Here is what Devin Gardner needs to do for Michigan to win the Big Ten.
All season statistics from mgoblue.com, official University of Michigan athletic department web site.
Phil Callihan is a featured writer for Bleacher Report. Unless otherwise noted, all quotations in this article were obtained via Press Conferences or in person.
Learn from Doug Nussmeier
The bad news is that Gardner is ranked 50th in the nation according to ESPN’s Total Quarterback Rating (QBR), which accounts for what a quarterback does on a play-by-play level. QBR factors in downs, distance, field position, as well as the clock and score for a far better measure of a quarterback’s effectiveness.

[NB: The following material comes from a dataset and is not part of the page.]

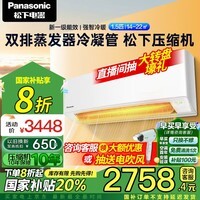 松下（Panasonic）1.5匹空调一级能效变频冷暖壁挂式空调双排铜管E13KQ10空调  以旧换新政府补贴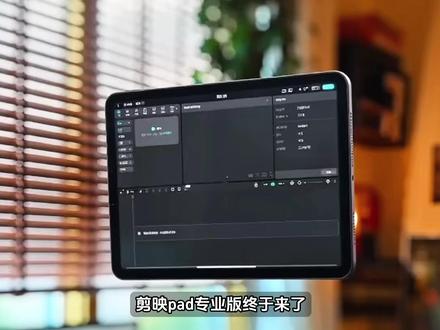 剪映pad专业版上线啦 #剪映pad专业版 #随身创作工作台 #剪ying专业版 #青年创作者成长计划 #剪映pc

The good news is that he has a clean slate under Doug Nussmeier and an opportunity to redefine his legacy at Michigan. Nussmeier has a great pedigree as a coach, and his experience as a former quarterback is exactly what Gardner needs to elevate his game.

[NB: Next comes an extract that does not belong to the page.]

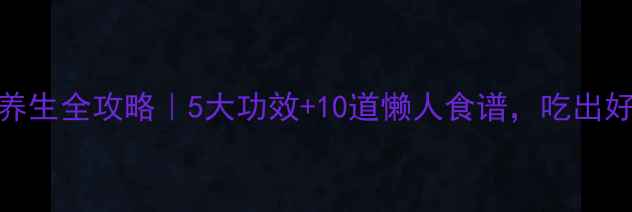 牛肉养生全攻略5大功效10道懒人食谱吃出好气色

Gardner needs to master the new offense and earn the starting position based on proficiency, not seniority.
Last season Michigan roared out of the gate with a 59-9 win over Central Michigan. Fans reveled in the beat down, but the team would have been far better served by working on its run game and offensive line—there’s a reason that teams work on fundamental plays versus weaker non-conference opponents.

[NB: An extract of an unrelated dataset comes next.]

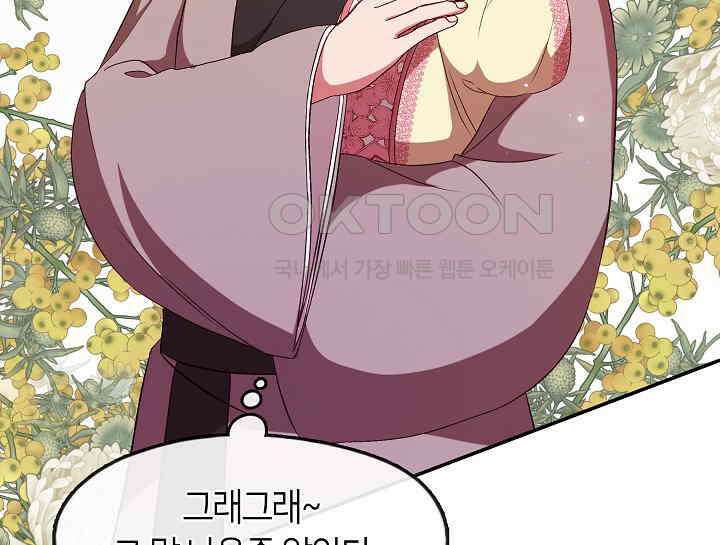 무림최강 남궁세가 막내딸입니다 8화 117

Gardner will need to run the offense no matter what the result; especially early in the season. He'll be tempted to take off and run instead of throwing the ball away or finding an open receiver. Last season that worked early, but it resulted in him taking a beating as the season progressed.
He will need to give his teammates the opportunity to grow into their new roles, even if it means that the team struggles early. Michigan needs an improved offensive line and multiple offensive threats to compete for the Big Ten championship, and Gardner needs to drive that development.
Spread the Ball Around
At the expense of spreading the ball around, Gardner had a tendency last season to lock onto a favorite receiver. With the injury to tight end Jake Butt and the graduation of both Jeremy Gallon and Drew Dileo, Gardner will have one experienced receiver—Devin Funchess—available when the season begins.
Funchess is a great receiving threat, but Gardner needs to develop a variety of receiving targets for Michigan to be successful this season.
Eliminate Bad Interceptions
Gardner struggled with identifying defenders lurking in the flat last season. These short passes are particularly dangerous as interceptions in this area often are returned for touchdowns. Sometimes the best play may be a safe incompletion or even a tackle for a short loss.
Michigan should have a greatly improved defense this season, and Gardner will need to rely on it to make big stops to compete for the Big Ten Championship.
Stop the Moping
After losses last season, Gardner was despondent. It’s good to be upset about losing, but part of being a leader is to inspire your team to bounce back after disappointment.
The road to the Big Ten title game will be paved with tough games, and Gardner needs to show more fire and less moping when things don’t go his way.